Distinzione senza ostentazione: è questa la dimensione “laica” di Racconigi. Forse, in una città così frequentata dai re, ci si attenderebbe di trovare, tutt’intorno al castello, una cortina di sontuosi palazzi nobiliari. Invece no: Racconigi, grande centro di produzione della seta, è una città prevalentemente borghese, dove anche le residenze più importanti presentano all’esterno quella caratteristica che, nel corso del ‘700, si voleva avessero le cosiddette fabbriche magnifiche: semplici, solide, “pacatamente ornate”, ma tali da procurare diletto e “meraviglia ai passeggeri”.
Carlo Maria Franzero, giornalista e scrittore discendente da una delle più importanti dinastie industriali locali, nel suo romanzo La casa dei sogni (ambientato ad inizio ‘900) ha scritto che questa “austerità” piena di una “particolare dignità” era come un lascito ereditario. Perché a Racconigi “i palazzi delle vecchie famiglie erano inalterati dalla metà del Settecento, con le facciate adorne di stucchi e i bei balconi di ferro battuto”; con quella caratteristica, che il visitatore più attento coglie ancora oggi, che persino le molte chiese, sparse per tutto il paese, sembravano appartenere a quelle grandi case, come cappelle private.

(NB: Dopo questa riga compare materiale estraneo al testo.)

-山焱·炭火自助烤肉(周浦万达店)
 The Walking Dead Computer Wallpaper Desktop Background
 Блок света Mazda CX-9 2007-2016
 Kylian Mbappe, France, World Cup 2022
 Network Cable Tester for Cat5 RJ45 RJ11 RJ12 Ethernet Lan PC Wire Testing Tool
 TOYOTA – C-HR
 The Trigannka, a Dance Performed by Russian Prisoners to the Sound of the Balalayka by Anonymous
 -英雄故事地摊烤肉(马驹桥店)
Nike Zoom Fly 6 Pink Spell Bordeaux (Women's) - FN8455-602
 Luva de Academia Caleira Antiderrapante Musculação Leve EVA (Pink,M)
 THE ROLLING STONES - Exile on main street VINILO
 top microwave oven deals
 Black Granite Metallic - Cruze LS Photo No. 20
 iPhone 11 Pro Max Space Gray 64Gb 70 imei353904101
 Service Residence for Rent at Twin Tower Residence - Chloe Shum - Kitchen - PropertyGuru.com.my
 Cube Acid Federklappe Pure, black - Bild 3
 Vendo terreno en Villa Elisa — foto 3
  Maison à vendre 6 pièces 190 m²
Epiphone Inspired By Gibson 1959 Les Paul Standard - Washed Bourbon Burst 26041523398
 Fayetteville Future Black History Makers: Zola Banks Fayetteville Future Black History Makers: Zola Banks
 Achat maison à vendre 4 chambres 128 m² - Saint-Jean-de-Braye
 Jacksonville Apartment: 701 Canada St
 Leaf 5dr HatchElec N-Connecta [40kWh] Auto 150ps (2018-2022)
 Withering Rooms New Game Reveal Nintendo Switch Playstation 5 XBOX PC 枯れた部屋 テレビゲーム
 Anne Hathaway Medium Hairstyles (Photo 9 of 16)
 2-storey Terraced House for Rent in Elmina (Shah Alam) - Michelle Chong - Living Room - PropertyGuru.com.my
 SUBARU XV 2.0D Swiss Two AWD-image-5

Senza dimenticare i portici che, sebbene qua e là bassi e stretti, possedevano anch’essi “un’aria di distinzione” e profumavano dei profumi delle botteghe. In questa città operosa, le strutture assistenziali giocarono un ruolo importante: il grande Ospedale di Carità; l’immenso Ricovero di Mendicità (poi Collegio militare e quindi Manicomio Provinciale). La tettoja sotto la quale tenere il mercato dei bozzoli e delle uve.
La Società Operaia di Mutuo Soccorso. L’Asilo d’infanzia. E naturalmente il Palazzo di Città, costruito mentre re Carlo Alberto ampliava ed ammodernava il castello e che doveva costituire come una “quinta”, pensata per chiudere la grande e nuova piazza che andava prendendo forma e proiettarla verso il cannocchiale del maestoso viale dei platani.